# What you are asked to do
What you return has to match the listing below line for line.

# Given data
-=-=-

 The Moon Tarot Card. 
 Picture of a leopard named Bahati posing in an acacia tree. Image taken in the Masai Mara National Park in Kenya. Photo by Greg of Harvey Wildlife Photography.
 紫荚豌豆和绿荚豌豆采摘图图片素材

-=-=-

# Your solution
 The Moon Tarot Card. 
 Picture of a leopard named Bahati posing in an acacia tree. Image taken in the Masai Mara National Park in Kenya. Photo by Greg of Harvey Wildlife Photography.
 紫荚豌豆和绿荚豌豆采摘图图片素材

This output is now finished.